De toute façon, le sens de la vie, on n’en sait rien. On pourrait penser que c’est un acte, à un instant, on ne sait même pas si on l’a déjà accompli ou pas encore, simplement le fait d’aider un jour quelqu’un à traverser la rue, un jour replanter un arbre déraciné, dire « Je t’aime », téléphoner juste pile poil au bon moment, tricoter une écharpe à une inconnue, ou sourire à un autre sourire. Imaginons : on est là pour une seule chose, mais l’astuce, c’est qu’on ne sait pas laquelle. Donc tout ce qu’on fait importe, parce que c’est peut-être cette chose-là qui donne sens à toute l’existence. Ou cette autre-là.
Alors je n’irai pas à la Cité de la Musique écouter Bach sur instruments anciens, mais je suis très heureuse que cet événement advienne pour d’autres.
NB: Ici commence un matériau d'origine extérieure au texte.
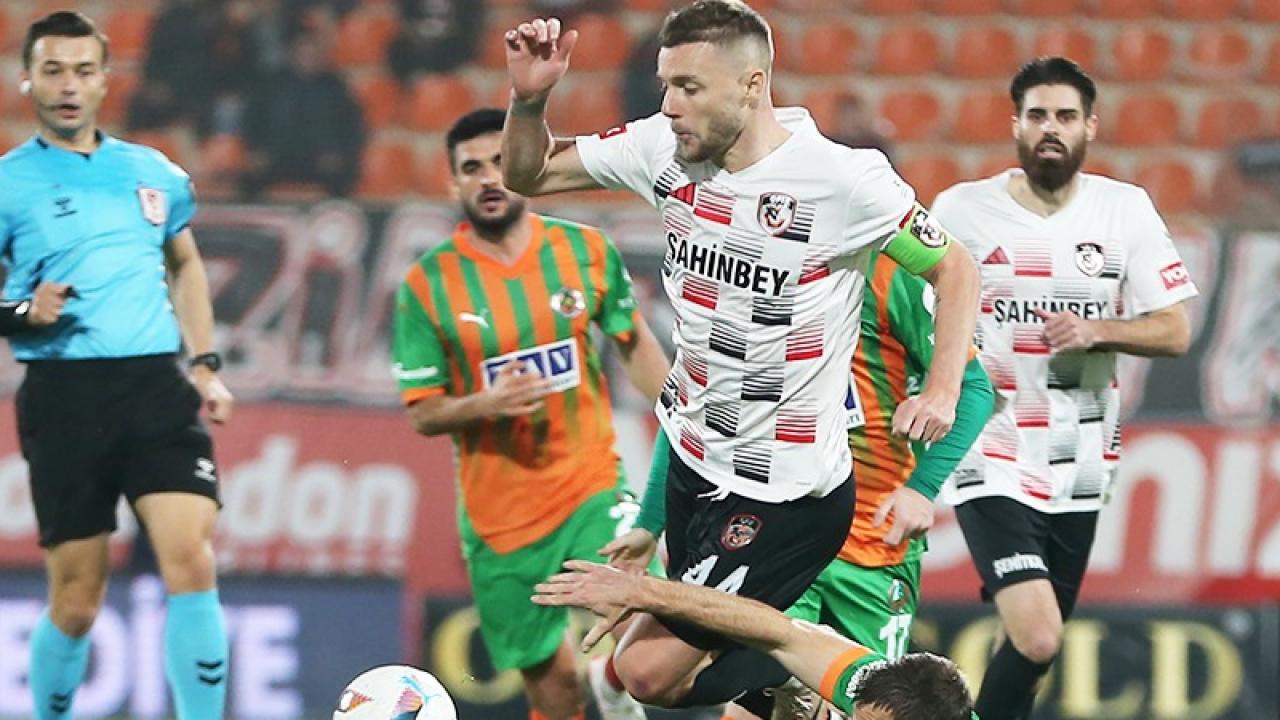 Alanyaspor, Gaziantep FK'yı 3-0 Mağlup Etti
Et maintenant, je vais nourrir les bêtes, c’est l’heure, le soleil va se cacher derrière la colline.
J’avais lu un jour, sur un mur de Paris, en rentrant du boulot en bus un graffiti du genre « la vie n’a pas de sens, elle en a plusieurs »…
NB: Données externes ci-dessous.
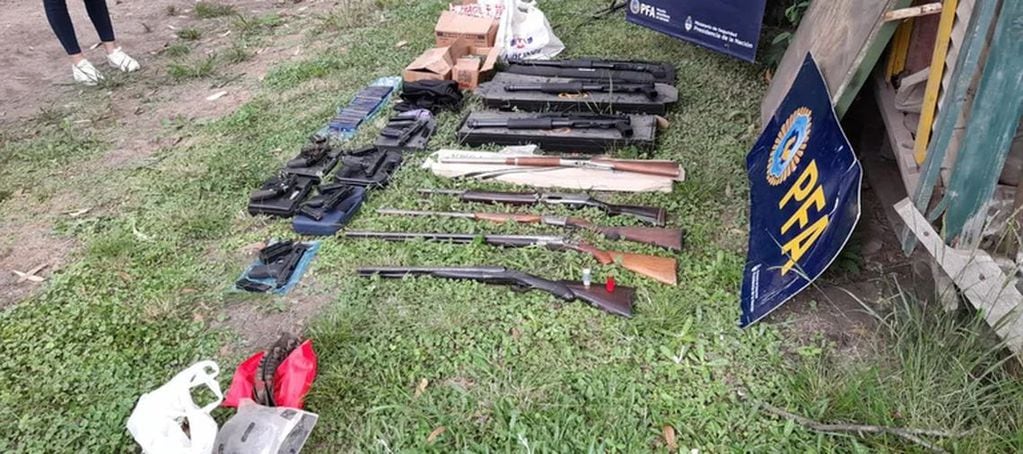 Las armas encontradas en el templo de 20 de Junio, La Matanza. (Foto: El Popular)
Dommage pour tes 15 jours de concerts (qui me laissent personnellement complètement froide). Je souhaite qu’un jour tu aies la même occasion et que tu puisses réaliser ce rêve. Qui sait… si on n’y croit pas, rien ne se passe. ;o)
une série de concerts comme ça, c’est une fois dans la vie. on a toutes et tous LE truc auquel on sait qu’on doit aller, parce que ça réunit tous les rêves les plus fous. mais c’est vrai que j’en suis pas à un loupé près !!! j’en fais même la collection.
Bises Cigale
bises philou ! les gros doigts même pour ton nom ???
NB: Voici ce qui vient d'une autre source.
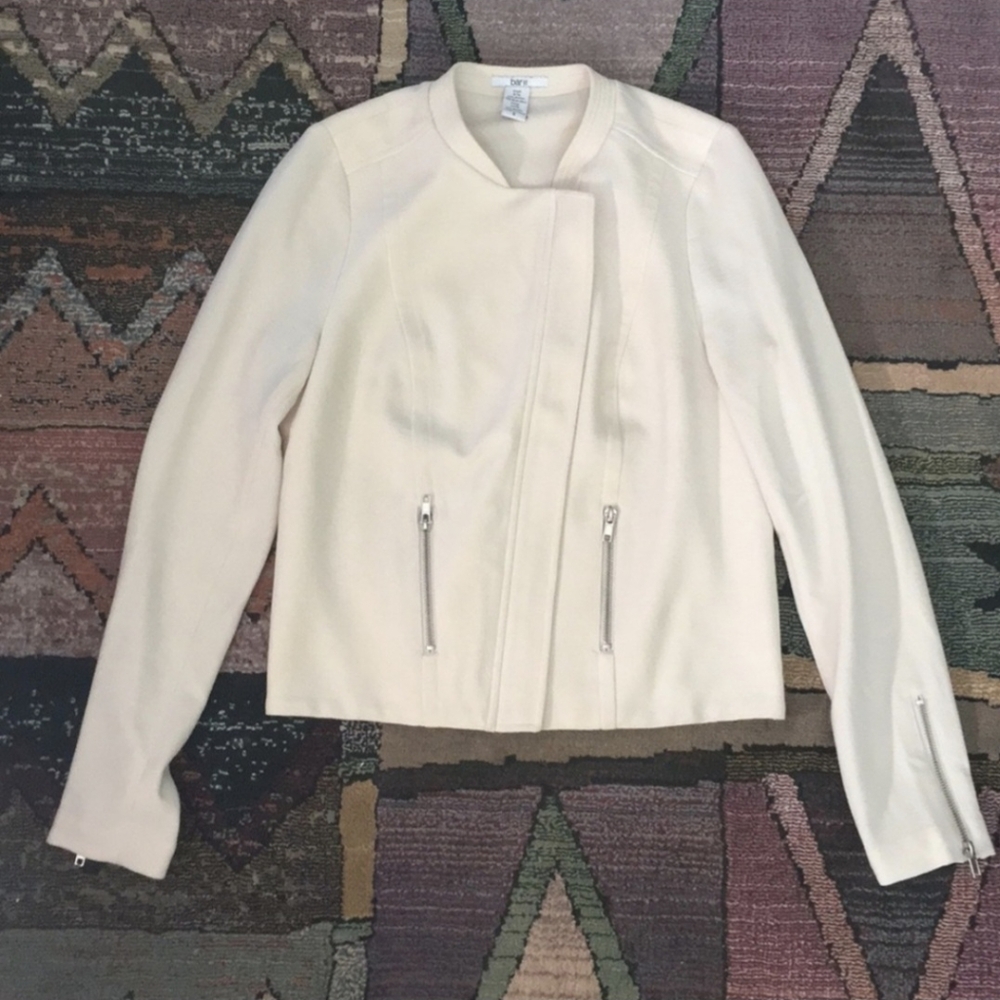 Bar III Women's Cream Jacket Zippers size S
très chère Sylvie, je suis déçue pour vous de ne pas pouvoir vous rendre à Paris écouter bach… mais vous avez une vie qui a un sens, vous donnez de l’amour à qui sait vous le rendre… Moi aussi, il y a des voyages que j’aimerai faire, mais je préfère donner à ceux qui ont besoin… Tous les hivers, je tricote 15 pulls pour le secours populaire ou catholique, qu’importe, c’est mon petit bonheur, et chaque fois que j’ai une envie, je me dis : Anne-Marie, en as-tu vraiment besoin..? et non, alors, je passe outre, et j’en suis fière.. si vous avez un appareil pour écouter bach, je vous envoie un cd, sinon, je peux vous envoyer un mp3 et je demanderai à Gus, de vous enregistrer du Bach…. une petite réponse sur son blog…. bonne journée – je vous embrasse fort Anne
merci chère anne-marie mais des CD de clavecin, des CD de Bach, et des CD de Bach sur clavecin, j’en ai. mais l’occasion d’entendre ces instruments absolument mythiques dans le milieu des clavecinistes jouant le compositeur qu’on adule sans aucune restriction, c’est juste ça que je loupe. entendre un claveciniste jouer du bach sur instrument ancien, cela aurait été un petit peu comme entendre bach soi-même… vous ne tricotez pas que des pulls, ma chère, n’est-ce pas ? et j’ai pu admirer les petites merveilles que vos doigts savent faire sur votre site !! et comme vous dites, arriver à faire taire la petite chanson des besoins-caprices » moi je veux ci moi je veux ça », et surtout en être bien plutôt que mal, c’est une bonne sagesse. surtout si c’est par ailleurs pour faire ce qui semble être juste autour de soi.